Arumn nodded dutifully, but Josi's head bobbed eagerly. Perhaps too eagerly, Robillard observed, but he had to privately admit his gratitude to the little wretch. A host of priests came running soon after, their numbers and haste alone a testament to the great reputation of the pirate-hunting Captain Deudermont. In mere minutes, the stricken man was born away on a litter.
On a nearby rooftop, Creeps Sharky smiled as he handed the empty bottle to Tee-a-nicknick.
*****
Luskan's gaol consisted of a series of caves beside the harbor, winding and muddy, with hard and jagged stone walls. Perpetually stoked fires kept the place brutally hot and steamy. Thick veils of moisture erupted wherever the hot air collided with the cold, encroaching waters of the Sword Coast. There were a few cells, reserved for political prisoners mostly, threats to the ruling families and merchants who might grow stronger if they were made martyrs. Most of the prisoners, though, didn't last long enough to be afforded cells, soon to be victi
ms of the macabre and brutally efficient Prisoner's Carnival.
This revolving group's cell consisted of a pair of shackles set high enough on the wall to keep them on the tips of their toes, dangling agonizingly by their arms. Compounding that torture were the mindless gaolers, huge and ugly thugs, half-ogres mostly, walking slowly and methodically through the complex with glowing pokers in their hands.
"This is all a huge mistake, you understand," Morik complained to the most recent gaoler to move in his and Wulfgar's direction.
The huge brute gave a slow chuckle that sounded like stones grating together and casually jabbed the orange end of a poker at Morik's belly. The nimble thief leaped sidelong, pulling hard with his chained arm but still taking a painful burn on the side. The ogre gaoler just kept on walking, approaching Wulfgar, and chuckling slowly.
"And what've yerself?" the brute said, moving his smelly breath close to the barbarian.
"Yerself as well, eh? Ne'er did nothin' deservin' such imprisonin'?" Wulfgar, his face blank, stared straight ahead.

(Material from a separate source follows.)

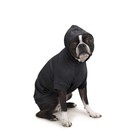 Zack And Zoey Basic Hoodie For Dogs 20in Large Jet Black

He barely winced when the powerful brute slugged him in the gut or when that awful poker slapped against his armpit, sending wispy smoke from his skin.
"Strong one," the brute said and chuckled again. "More fun's all." He brought the poker up level with Wulfgar's face and began moving it slowly in toward the big man's eye.
"Oh, but ye'll howl," he said.
"But we have not yet been tried!" Morik complained.
"Ye're thinkin' that matters?" the gaoler replied, pausing long enough only to turn a toothy grin on Morik. "Ye're all guilty for the fun of it, if not the truth." That struck Wulfgar as a profound statement. Such was justice. He looked at the gaoler as if acknowledging the ugly creature for the first time, seeing simple wisdom there, a viewpoint come from observation. From the mouths of idiots, he thought.
The poker moved in, but Wulfgar set the gaoler with such a calm and devastating stare, a look borne of the barbarian's supreme confidence that this man-that all these foolish mortal men-could do nothing to him to rival the agonies he had suffered at the clawed hands of the demon Errtu. The gaoler apparently got that message, or a similar one, for he hesitated, even backed the poker up so he could more clearly view Wulfgar's set expression.